Love for three Zuckerbrins
- First edition
- Author: Victor Pelevin
- Language: Russian
- Genre: Novel
- Publisher: Эксмо
- Publication date: 2014
- Publication place: Russia
- Media type: Print (Paperback)
- Pages: 448 pp
- ISBN: 978-5-699-85276-5

= Love for three Zuckerbrins =

2014 novel by Victor Pelevin

Love for three Zuckerbrins («Любовь к трём цукербринам») is a novel by Victor Pelevin first published in 2014.

In the title of the novel there is an obvious allusion to the fiaba "The Love for Three Oranges" a fairy-tale play written by Carlo Gozzi in 1760. The term "Zuckerbrin" itself was formed as a synthesis of the names of two giants of the modern web industry, Sergey Brin and Mark Zuckerberg.

==Plot==
The novel mentions such trends as Google, Facebook, the cult of consumption, tolerance, Internet addiction, terrorism, information slavery. Heroes live, reflect, philosophize. And all this happens against the background of the well-known game Angry Birds.

The protagonist of the novel Kesha, lives in two dimensions, in the present and in a possible alternative future. In the present, Kesha works for an online news agency called Contra.ru. There are many interpretations of this name alone: kontora in the sense that it was before the offices, and office in the sense of something to do with the special services, and contra in the sense of opposition and similar to the name of several well-known Internet projects. And so Pelevin does with many names and titles.

Kesha's day off is described. All day he sits at his computer: trolling in various posts, playing computer games, watching a movie, masturbating on a porn site to a Japanese animation. By the end of the day he thinks he should get some air: he opens the window, sighs, and closes it.

Kesha had a real girlfriend, but he rarely went out with her. He didn't like that she was overweight. When he did have sex with her, he imagined she was a Japanese girl.

One time the plastid-wrapped terrorist Batu Karayev came there and blew up Contra, along with Kesha and the other employees.

In another dimension, in the future, Kesha lives in orbit around the Earth in a capsule that makes up a whole anthill with other such capsules.

The man floats in zero gravity all wrapped in wires. He is fed through a tube into which proteins, fats, and carbohydrates are pumped, but he perceives it as a variety of food. The food has to be paid for, as does all the virtual reality he is surrounded by. At the same time the person knows that he is dangling in weightlessness and is in something like a tin can, but he does not care.

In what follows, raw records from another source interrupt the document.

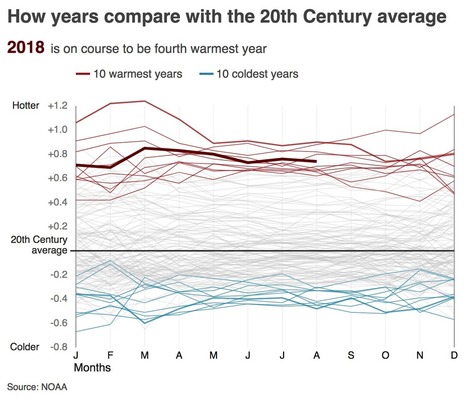 Final call to save the world from 'climate catastrophe' | TunstallGeog - Water and Carbon Cycles (AQA Geography A-level 3.1.1) | Scoop.it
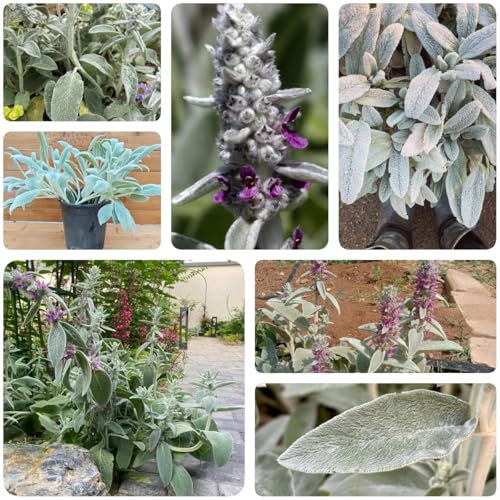 150 pcs Wollziest Bodendecker Pflanze Kaufen Samen, kräuter samen pflanztöpfe steingartenpflanzen winterhart Wollziest Stachys Byzantina, heilkräuter nachhaltige geschenke hochbeet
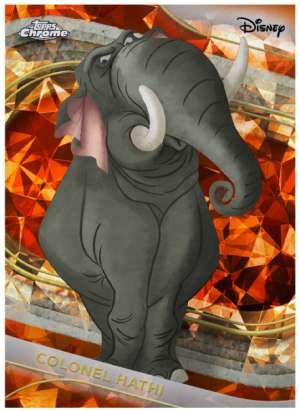 Colonel Hathi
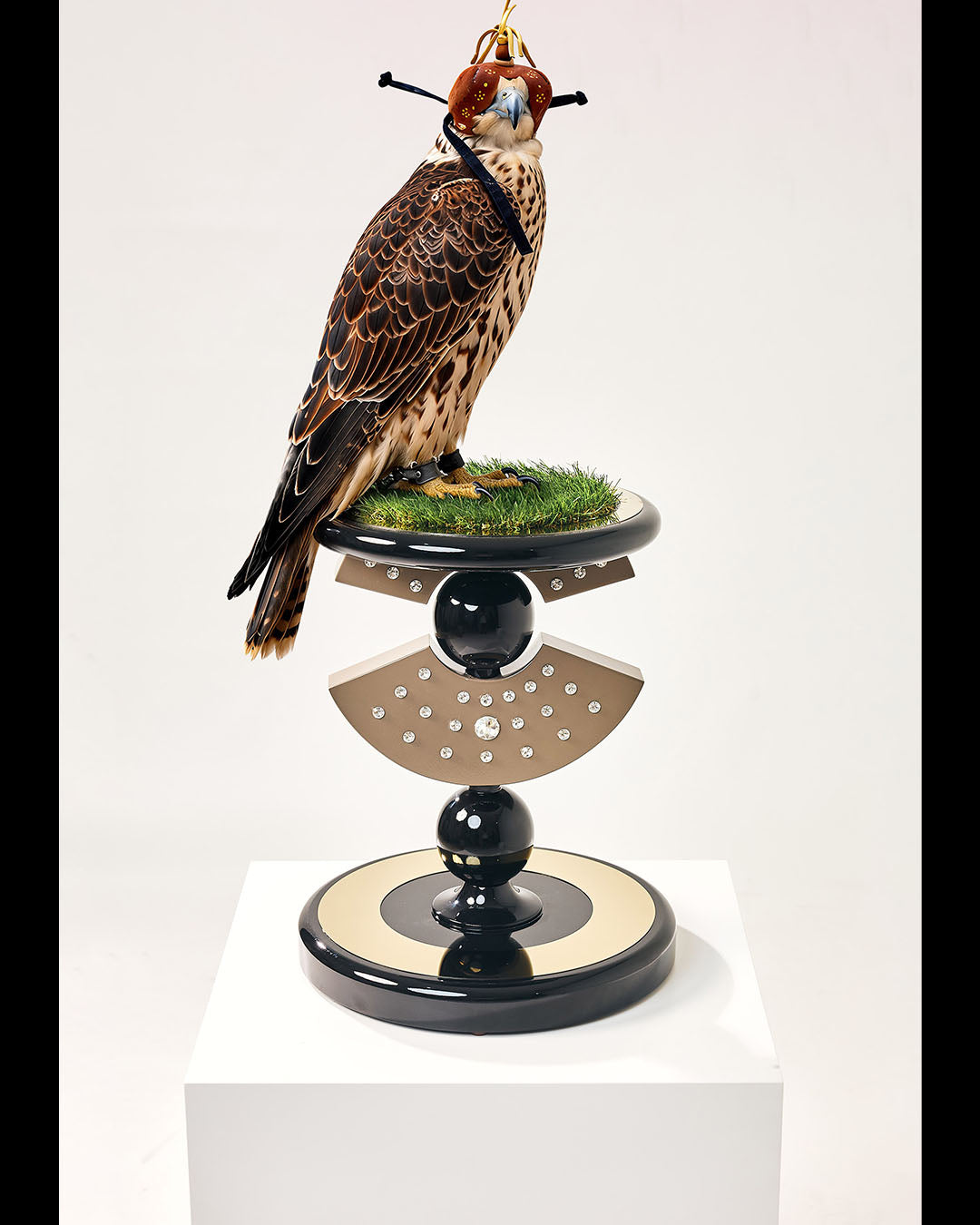 Boudica — The Warrior Queen Falcon Perch
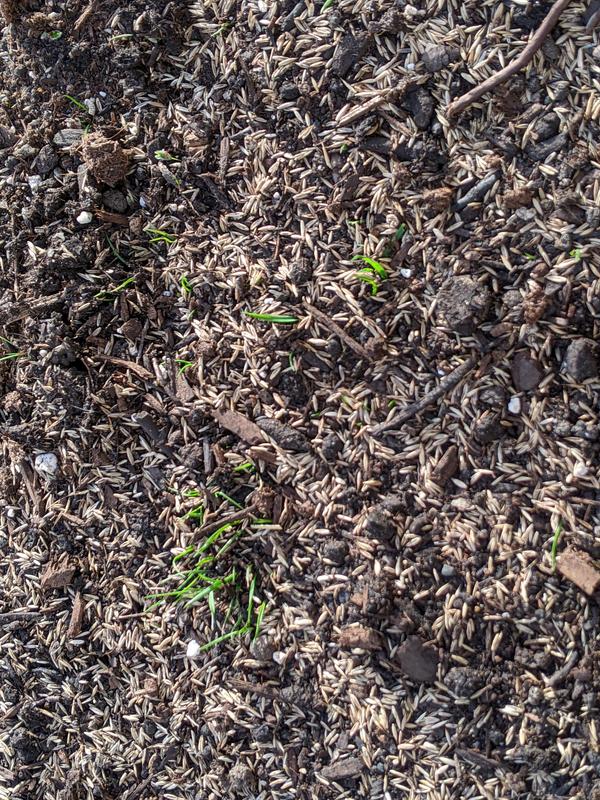 Close up of seeded area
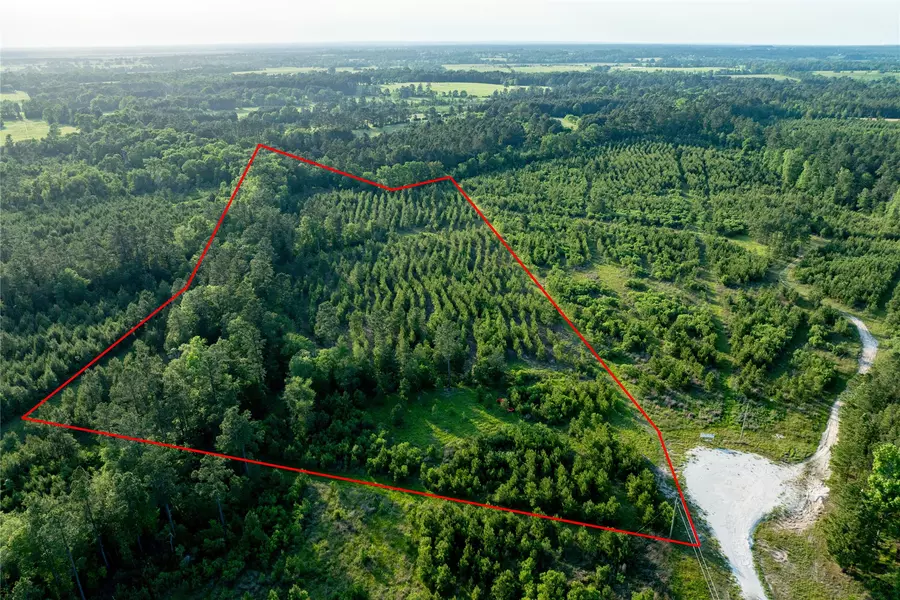 Tract 171 Calhoun CT, Lovelady, TX 75851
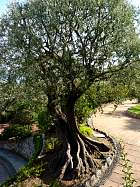 Monaco et la corniche - Monaco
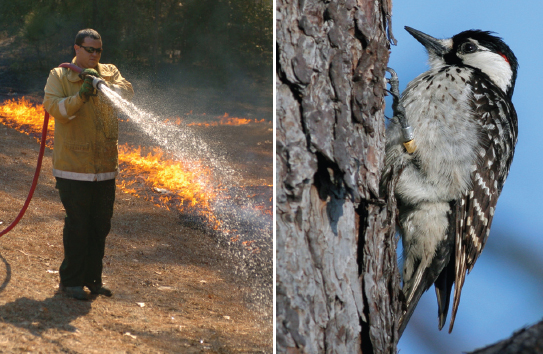 Fort Bragg Fort Bragg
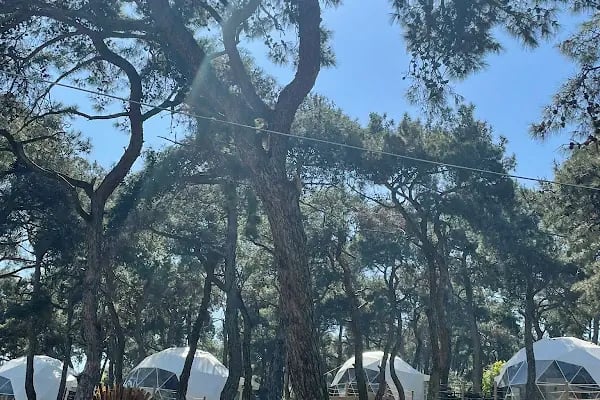 büyükada glamping - Resim 7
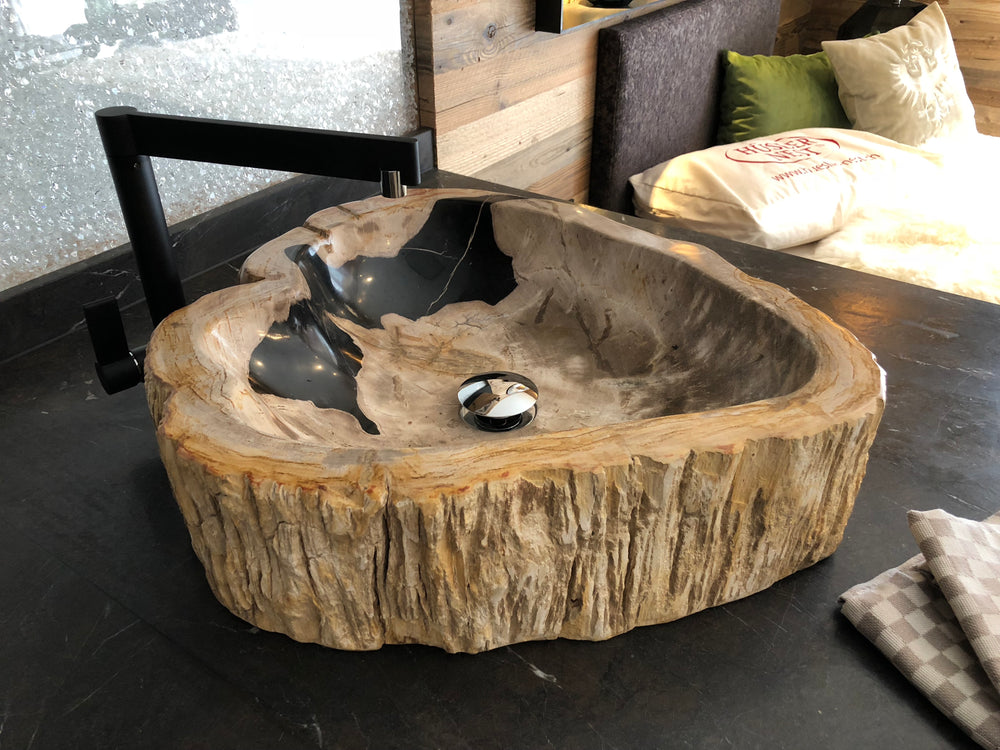 Versteinertes Holz — Bild 2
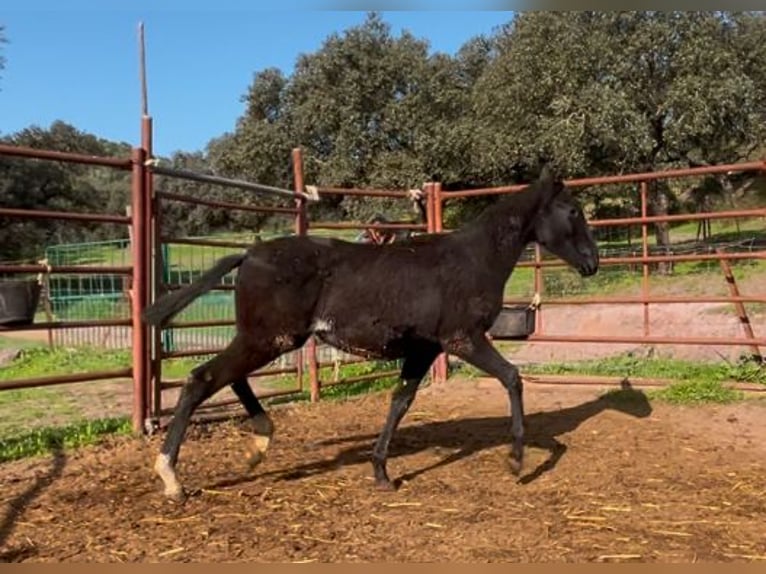 PRE Hengst 1 Jaar 165 cm Zwart in Posadas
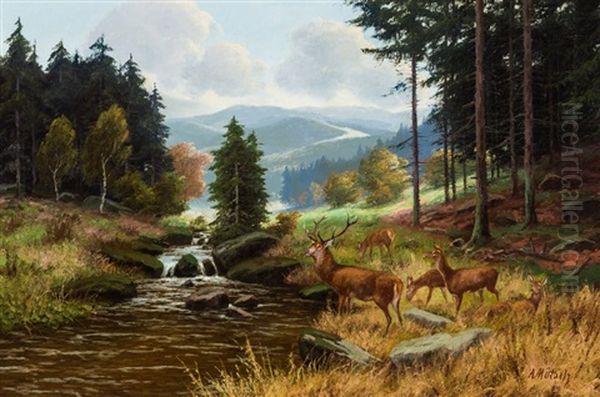 Septembermorgen Harz Mit Rotwild Am Bachlauf Und Weitem Blick - view 1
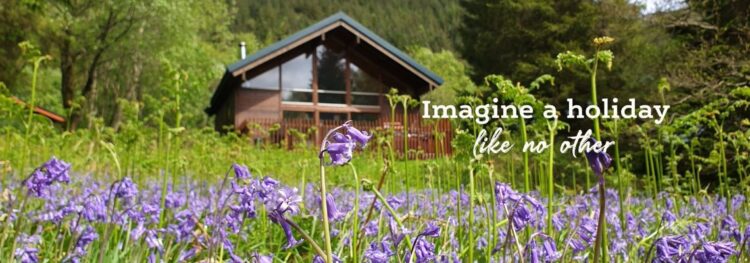 Escape into Nature with Forest Holidays: Discover Luxury Cabin Breaks and Exclusive Offers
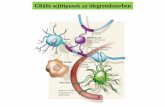 Gliális sejttípusok az idegrendszerben - MTA KOKI fileGliális sejttípusok az idegrendszerben * Schwann sejtek pericelluláris perinodális asztrociták * II. típusú asztrociták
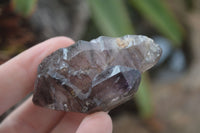 Natural Large Smokey Amethyst / Window Amethyst Crystals  x 12 From Chiredzi, Zimbabwe - Toprock Gemstones and Minerals 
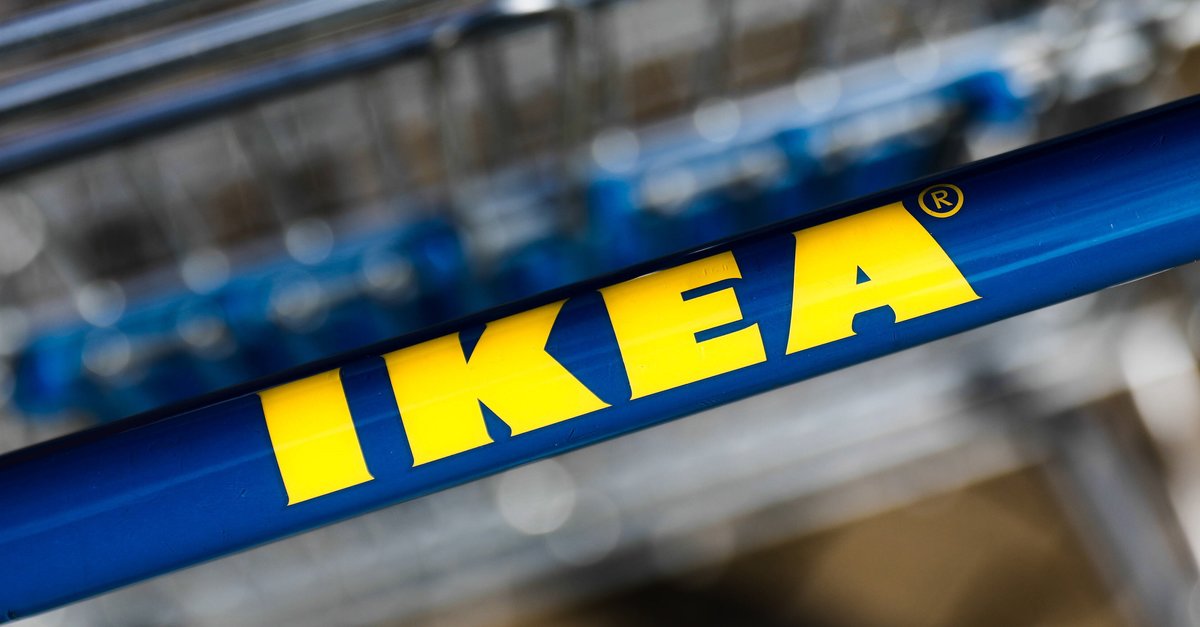 IKEA Family Card Login Karte online & in App öffnen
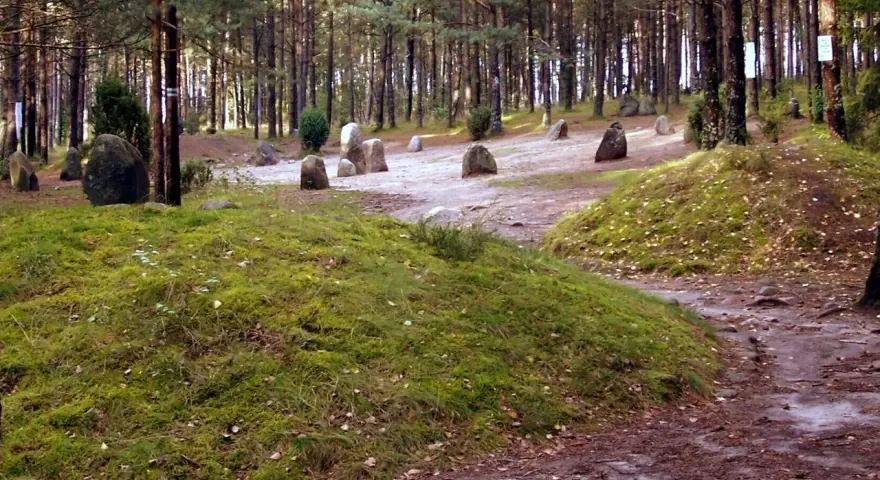 Kamienne kręgi Kaszuby, pradawne głazy w lesie, świadkowie historii.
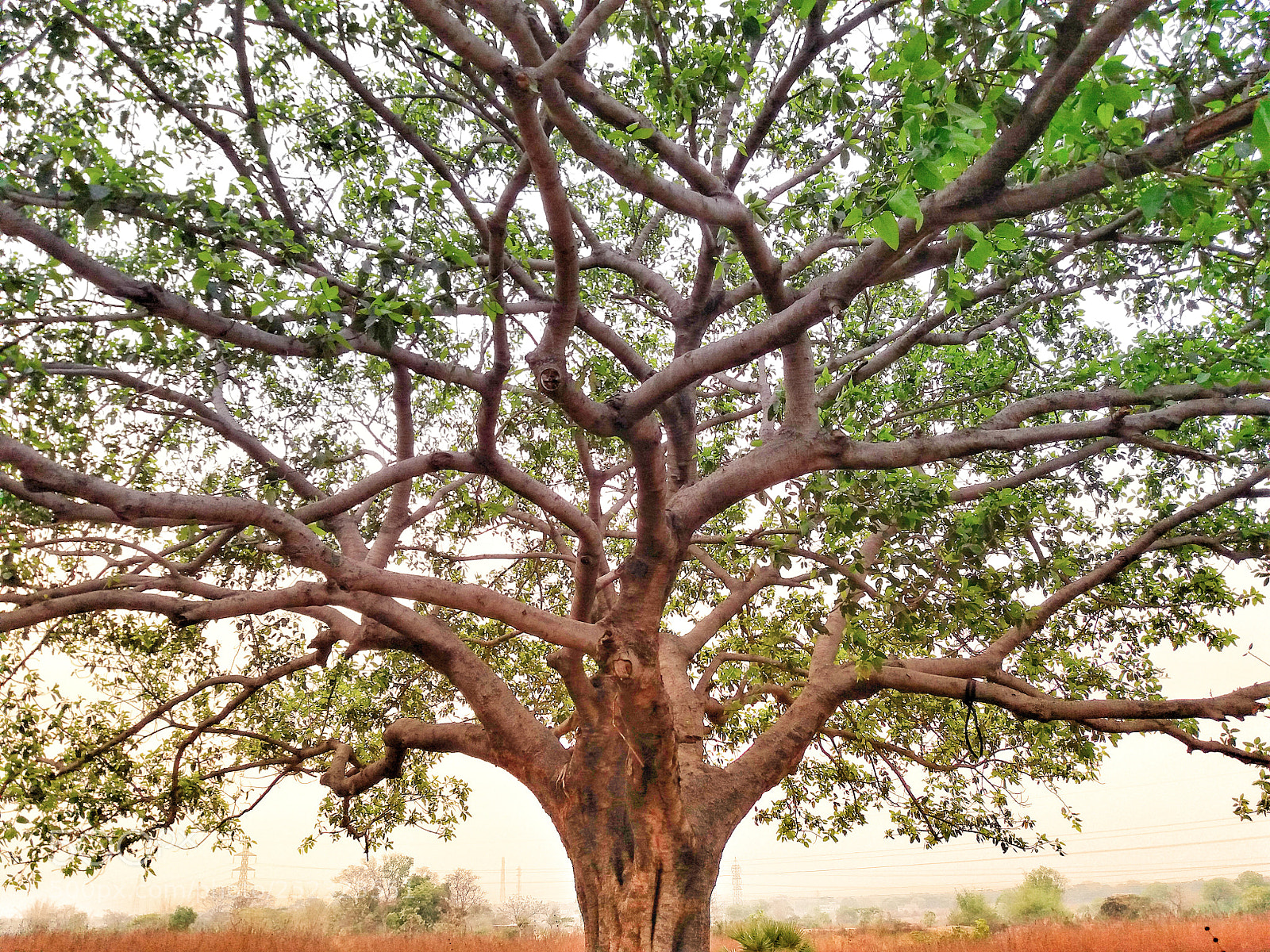 Samsung Galaxy J5 sample photo. Beautiful tree photography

If he wants to, he can go to this basic level, but he's not interested there. Everything interesting is in his head. That's how the last Russian crackpots lived - there was no room for them on the land. Land was too much of a luxury for them. The people in the pods slept all the time, but their dreams were divided into different phases.

There was a phase of public sleep, where they met, there was a phase of random sleep, where one saw what one wanted, and there was a phase of individual sleep, but there they were shown the right movies and other useful programs.

Kesha made his money by running around the virtual stadium until he was exhausted. He would fall and hurt his feet on the glass. The goal of the job was for the man to endure as much pain as possible. With the money he received, Kesha paid for virtual food and other things.

The main ones in this world were the three Zuckerbrins. It is difficult to say what they were, but they were perceived as light and as joy. And at the same time there were three tsukherbrins for each person. Sometimes a person could see them. And then he would go into ecstasy.

The word itself was derived from the names of giants of the past, Zuckerberg and Brin. And why were there three Zuckerbrins. Most likely because it was a Trinity.

Every inhabitant of this world had a social partner, and that partner for Kesha was the terrorist Baku Kuraev, who was hiding under the guise of an old nymphomaniac. He died, but he left Kesha a message.

In that message he explained his behavior. Batu had once been a programmer and had a different name. But one day he realized that man is not free in his thoughts. Those thoughts are forced upon him. People from birth think the thoughts imposed upon them.

This all started when semiconductors were invented. They weren't invented - it was the silicon-organic civilization that began to colonize the Earth.

Zuckerbrins are invaders and are like triple viruses. They can only be destroyed along with the host. They feed on human sexual energy; it is not for nothing that already in the early days of the Internet, sex content took up most of the traffic.

Realizing all this, the programmer took the name of an ancient terrorist and began to take revenge. He killed 500 Zuckerbrinses, but then realized that his thoughts were not free, but imposed; the system needed terrorists for even greater control over people. Then, he stopped taking revenge and started hiding.